Aw. Thank you for the perspective.

II.

I really struggle with the "rules" when comes to what I can and cannot do as a beautifully budding bumpmobile. I like to think I'm a rebel but, quite frankly, I'm worry-averse and will do nearly anything to avoid having to question my decisions later.

26 Weeks Pregnant in West Palm Beach
No regrets at 26 weeks

It wouldn't be so nerve-wracking if the body of research on gestational ingestion wasn't so nebulous, but conflicting and contrived advice abounds when it comes to what a expectant mom can consume. There are moments of doubt when I just want to call a fetal guru and demand, "JUST TELL ME IF I CAN HAVE A DAMNED TUNA SAMMIE."
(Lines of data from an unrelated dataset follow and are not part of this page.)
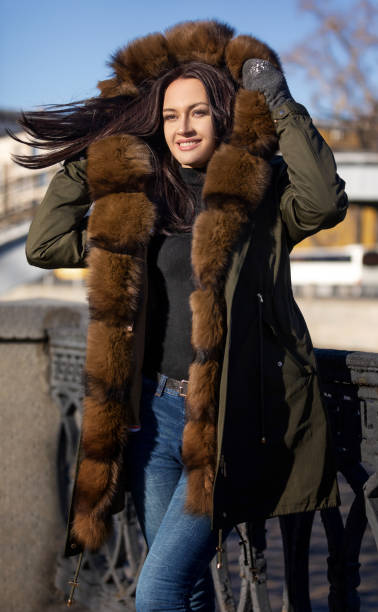 istock girl escapes from the cold in a warm jacket 1068719136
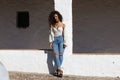 Latin woman with dark, curly hair and middle-aged dressed in jeans and white lace top is leaning on a column of a Mediterranean Royalty Free Stock Photo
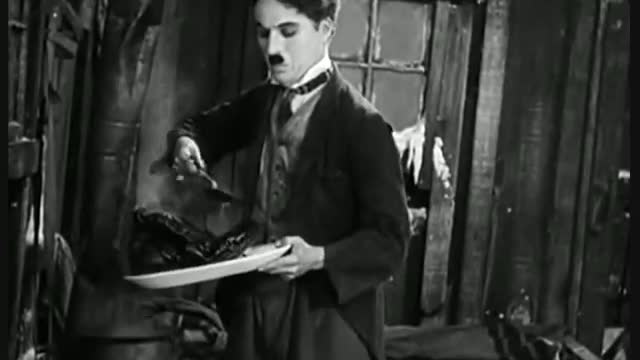 Charlie Chaplin Eating His Shoe - The Gold Rush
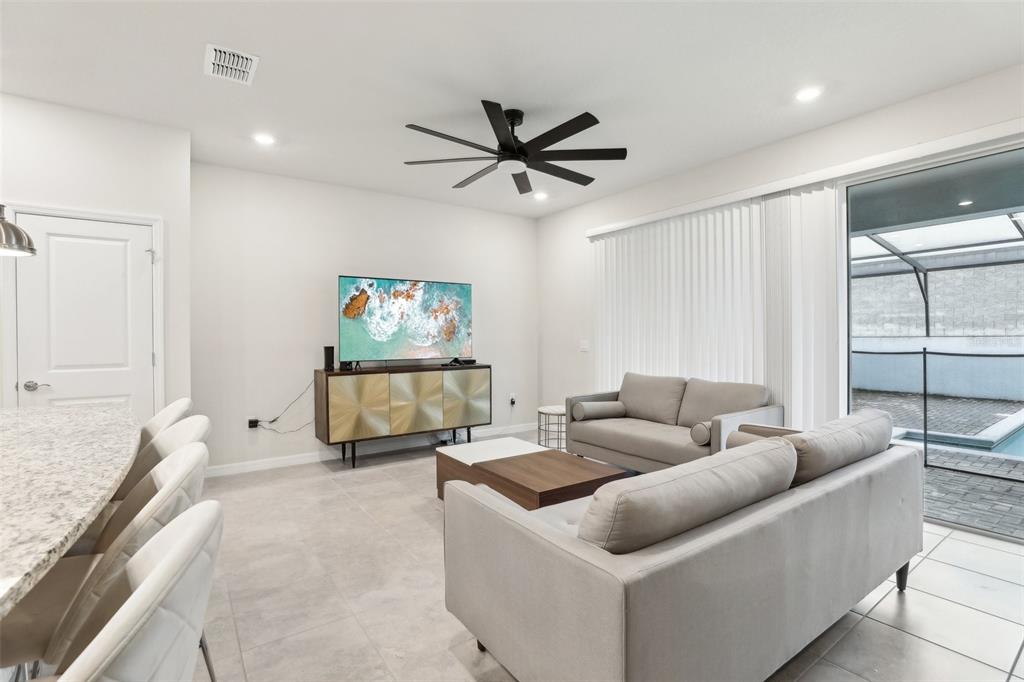 A living room features a grey sofa, a media console, and a ceiling fan — 297 JETTY WAY, DAVENPORT, FL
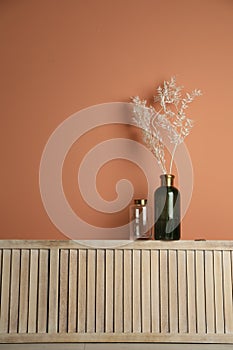 Decorative vases on wooden shelf near wall indoors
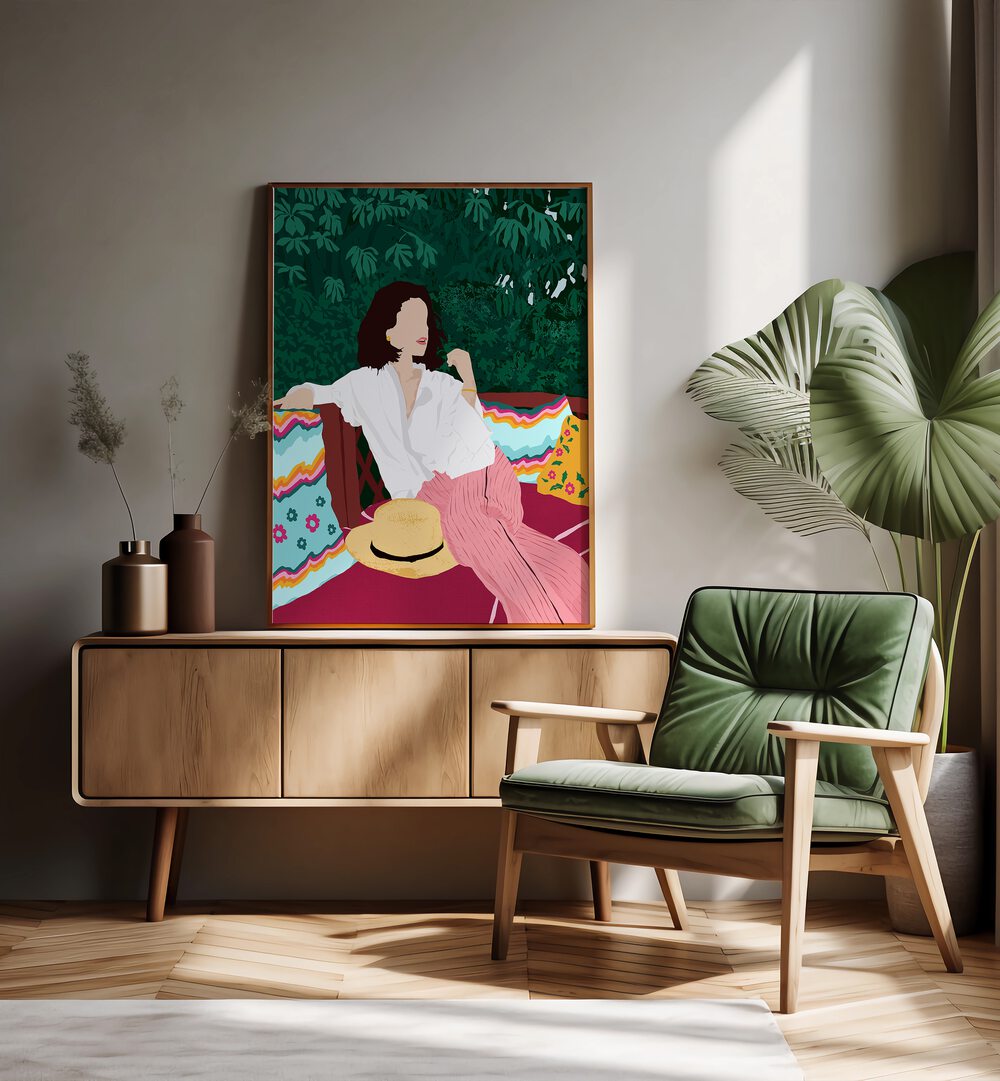 Bohemian Soul By Uma Gokhale Woman Illustration Paintings in Oak Wood Plain Frame on a console table beside a plant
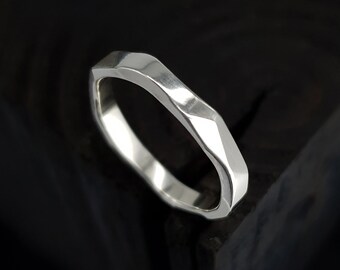 May include: A silver ring with a unique, faceted design. The ring has a geometric shape with multiple flat surfaces, creating a textured appearance. The band is approximately 0.25 inches wide, and the ring is set against a dark background.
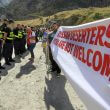 Georgian police form a line in front of activists holding an anti-Russian banner during an action organized by political party Droa near the border crossing at Verkhny Lars between Georgia and Russia in Georgia, Wednesday, Sept. 28, 2022. AP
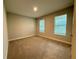 Neutral bedroom with plush carpeting, two windows that provide natural light, and minimalist decor at 2564 Hawks Overlook Pl, Oviedo, FL 32765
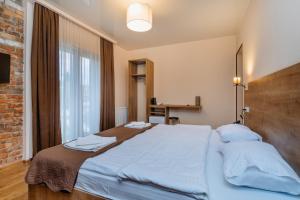 a bedroom with a large bed with blue sheets at Hotel Green Town in Kutaisi +37 photos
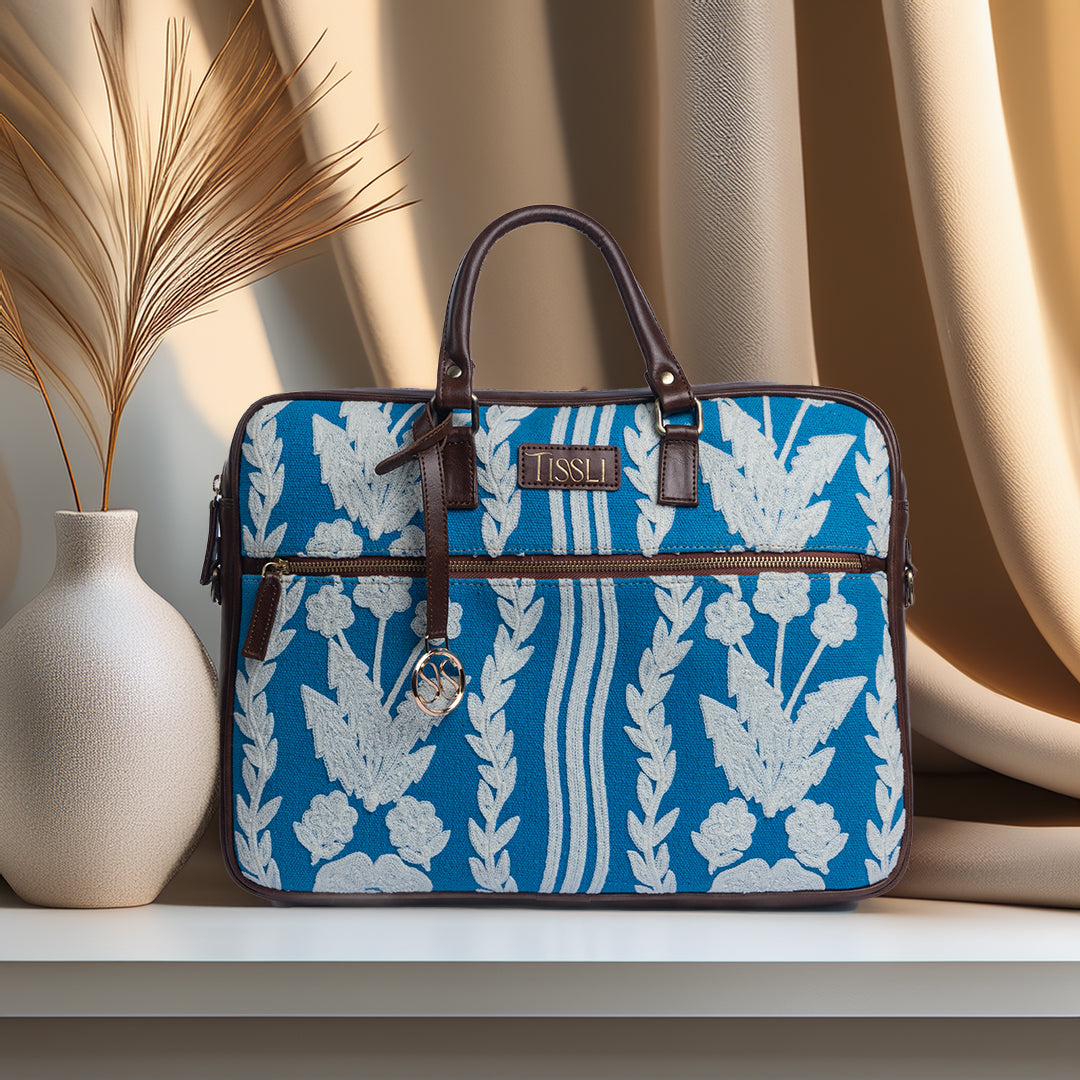 Chikankari Bloom Laptop Bag | White floral embroidery on blue base, handcrafted for timeless charm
I find myself tumbling into a google abyss on the most banal of topics. I'm strangely craving a latte... Is that off-limits? (I went with decaf.) Is nail polish poisoning my progeny? (Maybe? But I've always liked to have a reason to by nail polish, so non-formaldehyde varnish it is.) But seriously, what about the tuna?? (I'm eating it once a week. Damn the man.)

Even with my devoted vigilance to doing the right thing, I still screw up. At the farmers market Sunday, a radiant lady sold me a cup of the most beautiful ruby-colored iced hibiscus tea and only after I had slurped up half the glass did I pause for a googling.

2017-08-31_03-50-15 Hibiscus Tea
LOOK HOW BEAUTIFUL THIS TEA IS.

Turns out, hibiscus tea can cause you to go into labor.

Thankfully, I didn't even get gas from the faux pas, let alone launch myself into preterm terror. It was demoralizing, though, to set down the cup with a sigh. I consoled myself with... You guessed it: a tuna sammich.

III.

Lamaze class is awesome, y'all.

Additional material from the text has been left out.